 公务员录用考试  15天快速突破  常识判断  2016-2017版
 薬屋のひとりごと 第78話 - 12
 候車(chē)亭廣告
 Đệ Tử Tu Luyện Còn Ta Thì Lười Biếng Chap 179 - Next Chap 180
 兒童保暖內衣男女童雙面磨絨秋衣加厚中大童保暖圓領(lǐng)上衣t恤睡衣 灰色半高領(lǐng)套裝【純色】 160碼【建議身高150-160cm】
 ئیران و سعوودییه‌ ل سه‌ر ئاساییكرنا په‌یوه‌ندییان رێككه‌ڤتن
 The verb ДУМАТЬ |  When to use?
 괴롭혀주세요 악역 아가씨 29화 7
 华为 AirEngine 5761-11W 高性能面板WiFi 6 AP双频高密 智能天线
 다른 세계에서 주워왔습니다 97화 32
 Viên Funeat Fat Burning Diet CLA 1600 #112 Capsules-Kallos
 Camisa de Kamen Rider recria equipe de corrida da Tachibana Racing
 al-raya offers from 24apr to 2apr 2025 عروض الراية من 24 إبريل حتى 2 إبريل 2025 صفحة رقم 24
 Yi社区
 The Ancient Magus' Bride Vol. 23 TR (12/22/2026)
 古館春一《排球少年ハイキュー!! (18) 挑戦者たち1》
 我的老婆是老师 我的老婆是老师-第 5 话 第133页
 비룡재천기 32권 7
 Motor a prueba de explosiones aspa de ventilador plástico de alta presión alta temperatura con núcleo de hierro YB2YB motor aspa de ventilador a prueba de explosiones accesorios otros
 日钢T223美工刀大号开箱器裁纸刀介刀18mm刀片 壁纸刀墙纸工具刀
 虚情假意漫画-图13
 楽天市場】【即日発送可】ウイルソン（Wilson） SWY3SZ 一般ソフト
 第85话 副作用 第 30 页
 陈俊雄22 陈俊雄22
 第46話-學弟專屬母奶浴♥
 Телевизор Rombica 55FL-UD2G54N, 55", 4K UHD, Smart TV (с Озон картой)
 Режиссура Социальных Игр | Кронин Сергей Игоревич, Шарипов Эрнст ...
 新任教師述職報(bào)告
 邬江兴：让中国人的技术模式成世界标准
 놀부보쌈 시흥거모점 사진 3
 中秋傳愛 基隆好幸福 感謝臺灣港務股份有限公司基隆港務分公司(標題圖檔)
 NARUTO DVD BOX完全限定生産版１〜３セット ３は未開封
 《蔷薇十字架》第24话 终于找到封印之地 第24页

====

• _Activity_:
All lines from the one containing "(с Озон картой)" down to the final line above are to be restated word for word; leave out the rest.

• _Result_:
 Телевизор Rombica 55FL-UD2G54N, 55", 4K UHD, Smart TV (с Озон картой)
 Режиссура Социальных Игр | Кронин Сергей Игоревич, Шарипов Эрнст ...
 新任教師述職報(bào)告
 邬江兴：让中国人的技术模式成世界标准
 놀부보쌈 시흥거모점 사진 3
 中秋傳愛 基隆好幸福 感謝臺灣港務股份有限公司基隆港務分公司(標題圖檔)
 NARUTO DVD BOX完全限定生産版１〜３セット ３は未開封
 《蔷薇十字架》第24话 终于找到封印之地 第24页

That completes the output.